Spain Grabs Control Of Catalonian Government

Spain Grabs Control Of Catalonian Government

Spain Grabs Control Of Catalonian Government

On October 28, 2017 (Saturday), Spain has taken formal direct control of Catalonia and dismissed its separatist government including Catalan leader Carles Puigdemont, a day after lawmakers passed a declaration of independence for the prosperous northeastern region.
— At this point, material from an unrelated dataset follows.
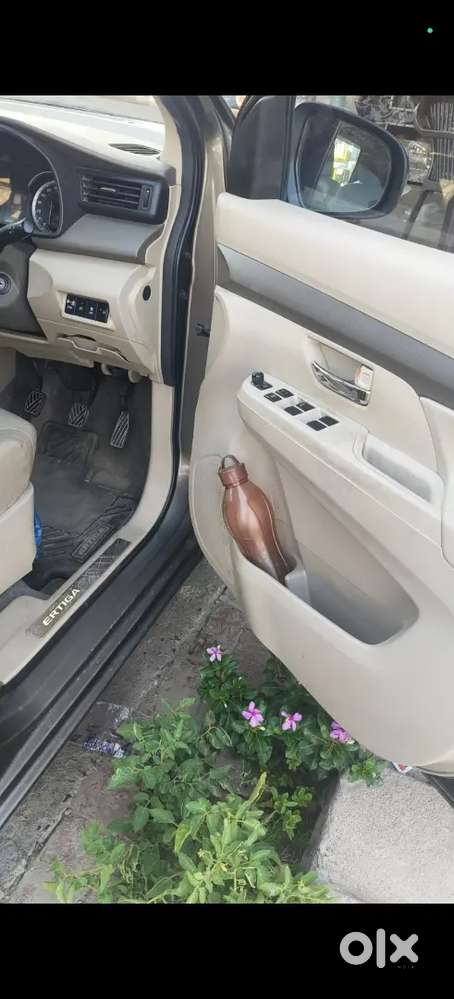 Kannauj Jile Me Hai Car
The measures took effect hours after the regional parliament of Catalonia declared independence on October 27. 

Madrid's measures follow from Article 155 of the Spanish Constitution, which allows the government to take action against rebellious territories.
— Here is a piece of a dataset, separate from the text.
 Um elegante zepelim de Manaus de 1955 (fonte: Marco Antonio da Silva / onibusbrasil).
Speaking on October 28, Puigdemont called for "democratic opposition" to Madrid's takeover of the region following its declaration of independence.

In a pre-recorded televised statement, Puigdemont said only the regional parliament can elect or dismiss the Catalan government, vowing to "continue working to build a free country."

Puigdemont also said the activation of Article 155 of the constitution was illegitimate and called on Catalans to show "patience, perseverance," and faith in the future.

Prime Minister Mariano Rajoy, who now replaces Catalonian President Carles Puigdemont as the top decision-maker in the northeastern region, has dissolved the regional parliament. Rajoy has called for regional elections to be held on December 21.

The Spanish government has also fired the operational chief of Catalan's regional police force, Josep Lluis Trapero, the official government gazette said on October 28. Trapero was already under investigation for sedition after being accused of failing to help Spain's Guardia Civil police force deal with thousands of pro-independence protesters in Barcelona during the run-up to the October 1 independence referendum. Last week, Spain's High Court banned Trapero from leaving the country and seized his passport. He was not arrested.

After the regional parliament's independence vote, thousands in Barcelona flooded into the central square to celebrate the declaration, with many calling for the removal of the Spanish flag on top of the Catalonian government palace. Hundreds of antiseparatist protesters also took to the streets waving Spanish flags. More demonstrations are expected on October 28, with a rally "for the unity of Spain and the constitution" to be held in Madrid.

The crisis stems from the independence referendum conducted by leaders of Catalonia that Madrid called illegal and which was opposed by the European Union as well. Catalonia lawmakers said just over 90 percent of voters chose in favor of independence in the referendum, but with a turnout of less than 50 percent.

However, the level of support for independence in Catalonia is not clear. Surveys before the referendum indicated a minority of about 40 percent in the region favored a split, but many opposed to the referendum boycotted the vote.

Catalonia Secession


Spain's allies voiced their support for Madrid


The U.S. State Department said in a statement that Catalonia was an integral part of Spain and that Washington backed the Spanish government's measures to keep Spain united.

Many of the EU's 28 members have expressed concerns that move such as Catalonia's if allowed to succeed, could encourage secessionist movements in their countries.

EU President Donald Tusk wrote on Twitter after Catalonia's declaration that for the bloc, "nothing changes."

He said the EU will continue to deal only with Madrid, but added that "I hope the Spanish government favors force of argument, not an argument of force."

Catalonia, Spain's richest region, has a population of 7.5 million people, and has been a part of Spain since the 15th century but has a long history of separatist sentiment.